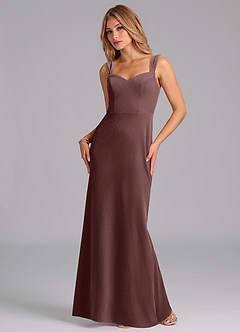 Azazie Denice Bridesmaid Dresses Espresso Sheath Pleated Velvet Dress image3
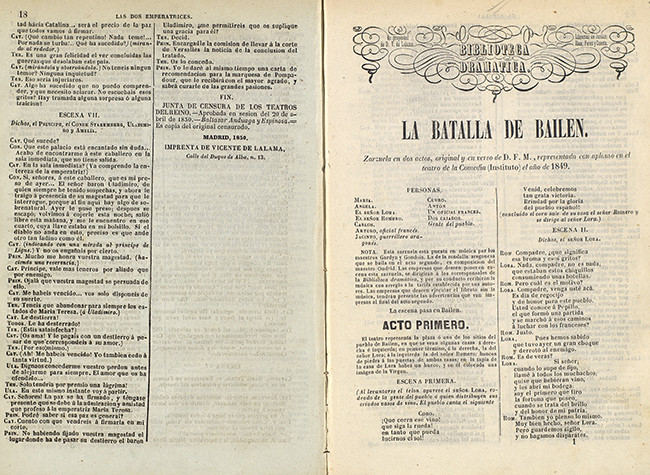 La batalla de Bailén [Texto impreso] : zarzuela en dos actos, original y en verso, 1850. BNE, T/7398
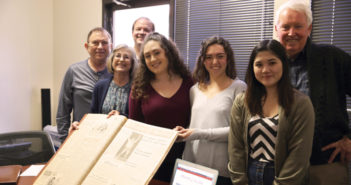 Jim Schoning ’65, Beverly Lynn ’65, George Watson, Emilia Rivera ’20, Talullah Plummer-Blanco ’19, Lexi Toney ’21, and Bill Bruns ’65 (left to right) share their student journalism experiences. (Photo by Nathan Jones '20)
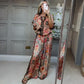 🎉💃Damen-Zweiteiler mit Print – Top und weite Hose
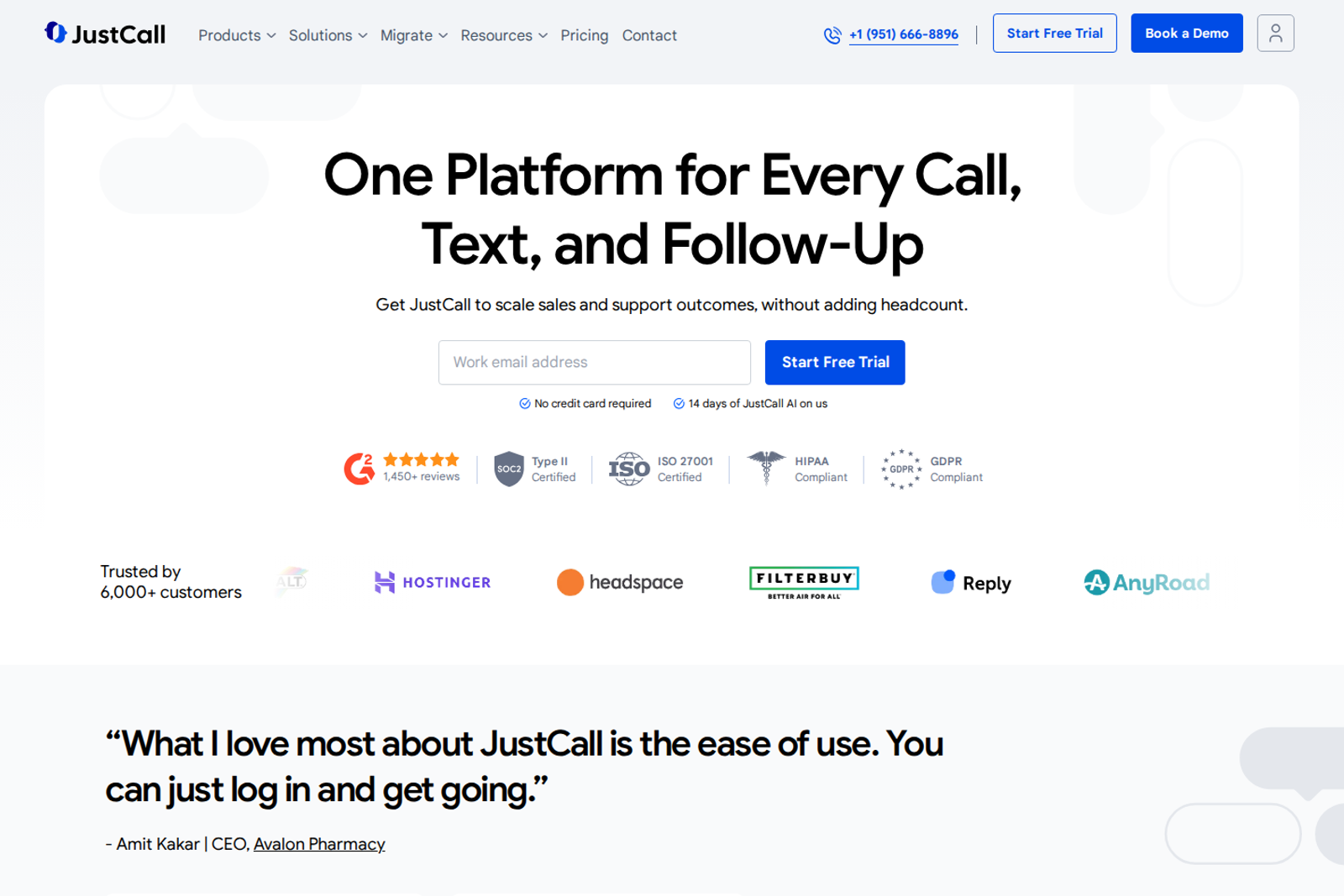 Screenshot of the JustCall homepage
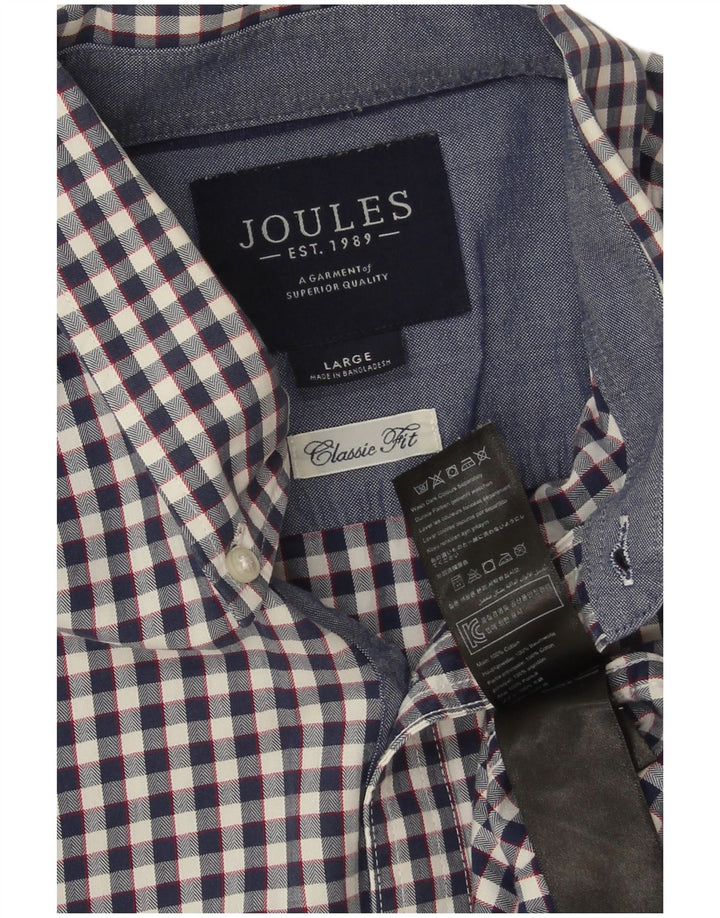 Camicia Joules da uomo dalla vestibilità classica, grande, in cotone a quadretti blu navy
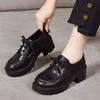 Thick-soled Lace-up Small Leather Shoes Women's Autumn New Fashion Heightening Single Shoes Non-slip and Wear-resistant Versatile Low-top Shoes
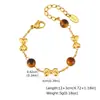 Moda Lindo Acero Inoxidable Cadena Cruzada Lazo Circonita Pulsera Dorada Infantil para Mujer BR-2194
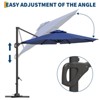 10FT Outdoor Cantilever Umbrella Patio Umbrella Market Sun Shade Windproof Offset Umbrella with 360-Degree Rotation for Garden Pool Deck BackYard - 3 of 4
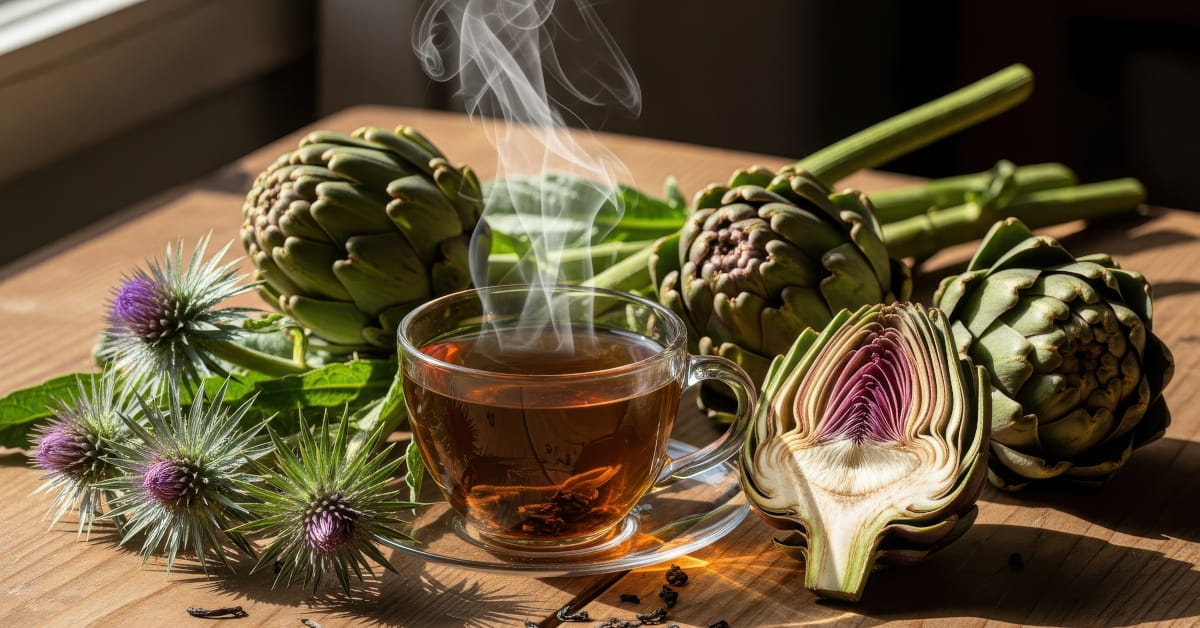 Tisana con carciofo e cardo mariano per depurare il fegato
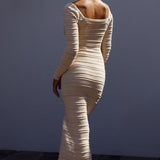 Beachside Crochet Knit Long Sleeve Midi Dress Oat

______

# TASK TO CARRY OUT
No pictures belong in the answer. It must repeat exactly the lines from the line with "Camicia Joules da" through the final line of the records.

# EXPECTED ANSWER
 Camicia Joules da uomo dalla vestibilità classica, grande, in cotone a quadretti blu navy
 Thick-soled Lace-up Small Leather Shoes Women's Autumn New Fashion Heightening Single Shoes Non-slip and Wear-resistant Versatile Low-top Shoes
 Moda Lindo Acero Inoxidable Cadena Cruzada Lazo Circonita Pulsera Dorada Infantil para Mujer BR-2194
 10FT Outdoor Cantilever Umbrella Patio Umbrella Market Sun Shade Windproof Offset Umbrella with 360-Degree Rotation for Garden Pool Deck BackYard - 3 of 4
 Tisana con carciofo e cardo mariano per depurare il fegato
 Beachside Crochet Knit Long Sleeve Midi Dress Oat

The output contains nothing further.